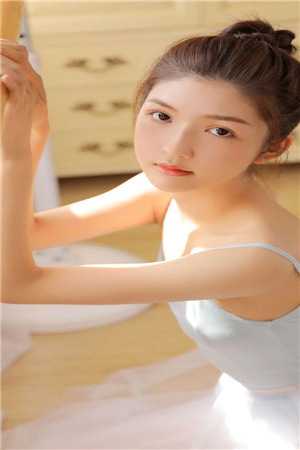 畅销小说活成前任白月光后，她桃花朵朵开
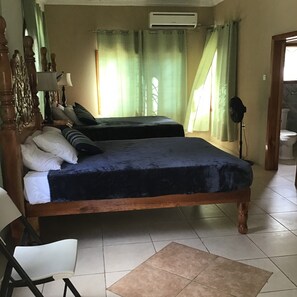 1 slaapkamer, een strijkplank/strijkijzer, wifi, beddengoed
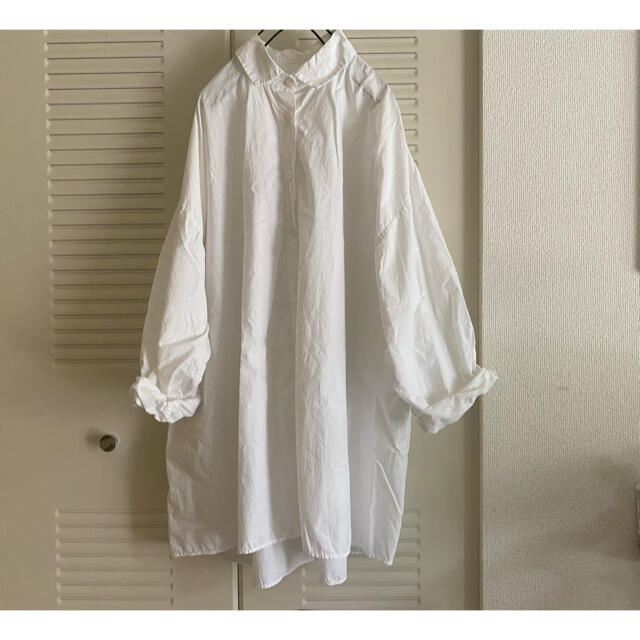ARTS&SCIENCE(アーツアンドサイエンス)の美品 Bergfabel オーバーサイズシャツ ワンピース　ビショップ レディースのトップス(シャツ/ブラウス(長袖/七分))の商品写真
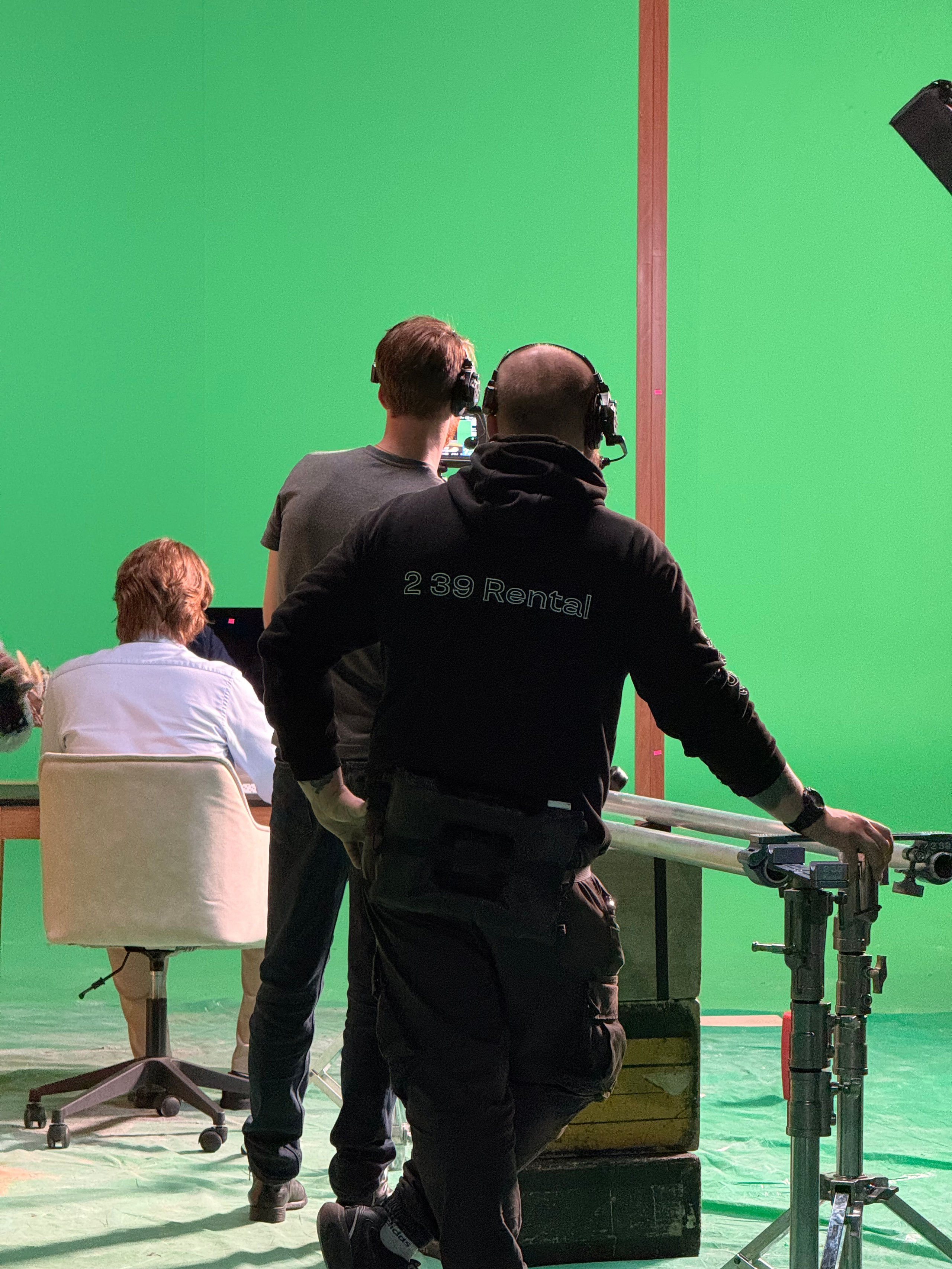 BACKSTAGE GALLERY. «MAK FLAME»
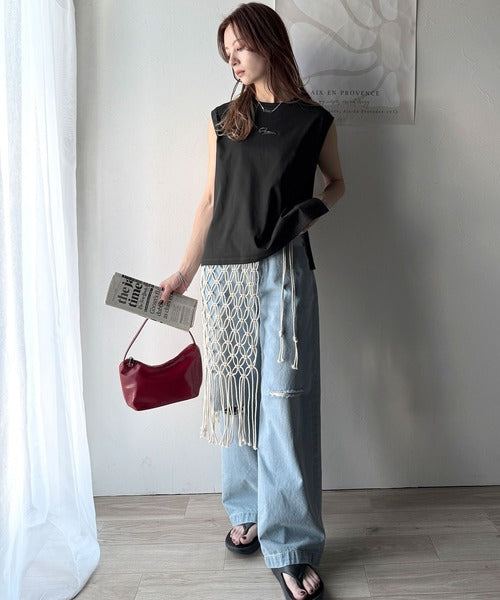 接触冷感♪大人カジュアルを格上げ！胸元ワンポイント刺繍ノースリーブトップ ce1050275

# EXERCISE REQUIREMENTS
From the first line to the last, restate the entries exactly, without pictures.

# WRITTEN SOLUTION
 畅销小说活成前任白月光后，她桃花朵朵开
 1 slaapkamer, een strijkplank/strijkijzer, wifi, beddengoed
ARTS&SCIENCE(アーツアンドサイエンス)の美品 Bergfabel オーバーサイズシャツ ワンピース　ビショップ レディースのトップス(シャツ/ブラウス(長袖/七分))の商品写真
 BACKSTAGE GALLERY. «MAK FLAME»
 接触冷感♪大人カジュアルを格上げ！胸元ワンポイント刺繍ノースリーブトップ ce1050275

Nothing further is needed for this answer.